# Should I Buy A Used 2000 Trek 8500?



## maveric (Oct 17, 2009)

Greetings fellow knowledgeable members!  

I haven't owned a bike for about 16 years. My last bike was a 1990 Supergo mtn. bike that I used primarily for commuting to college. So I'm very much the noob now! :lol: 

I now want to get a good mtn. bike for some light trail use and occasional commuting.

I found a used 2000 Trek 8500 with disc brakes and stock components for around $400. Does this price sound fair for a 9-yr. old bike?  I believe the MSRP in 2000 was around $2,000.

Should I consider this bike or should I look for a new bike? I don't want to spend more than $400.

If I should buy used, what are the main things that I should inspect when I see the bike in person. Also, the bike has clipless pedals. Can I still test ride the bike effectively without cleats?

Any assistance/advice would be greatly appreciated! :thumbsup:


----------



## sponger (May 14, 2006)

I found this thread. Looks like a nice bike even though it's old. XT components & SLR frame, which I think is one step below ZR9000. I don't think Trek offered ZR9000 back then, but I remember SLR frames from 5-6 years ago. Pretty nice, IMO.

I guess if everything is in perfect working order and you're OK with hard tails, then it might not be a bad idea. I don't really know, though.
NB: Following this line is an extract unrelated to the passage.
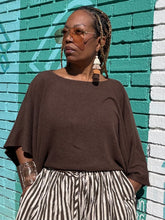 Load image into Gallery viewer, Unbalanced Off Shoulder Knit Top - Coffee Bean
I don't frequent craigslist as often as I should to know what the market is like.

Sometimes I'll unclip and ride my clipless like a platform. I don't know if that's bad for it or what, but so far I haven't noticed it causing any problems.

If you do buy it, you want to be sure that he gives you the cleats for the pedals.

I guess it depends. Certainly the bike has a nostalgic value to it. If you feel like the bike is worth $400, then it's worth $400. But, definitely try to bring it down some before you commit.

Also, 6500's from a few years back go for around $400 in good condition, and those have SLR frames. Not XT components, but I'm not sure how XT from 9 years ago compares to entry-level a few years ago.


----------



## JPark (Aug 12, 2009)

The 8500 was Trek's top of the line racing alum hardtail. It is a great bike. If it fits, and is in decent shape, do not hesitate to buy it. It won't last long at that price.


----------



## Squash (Jul 20, 2003)

*Not a bad deal price wise....*

a little over maybe, but only about $50. If it's in realy good shape it would be worth $400.

Things to look for initially are, is the bike clean, does it look shabby. Are all the decals etc. in place, does the paint look good, or is it heavily scratched. Those are signs of heavy use/abuse. Does the bike give the impression that it has been well maintained. First impressions are important.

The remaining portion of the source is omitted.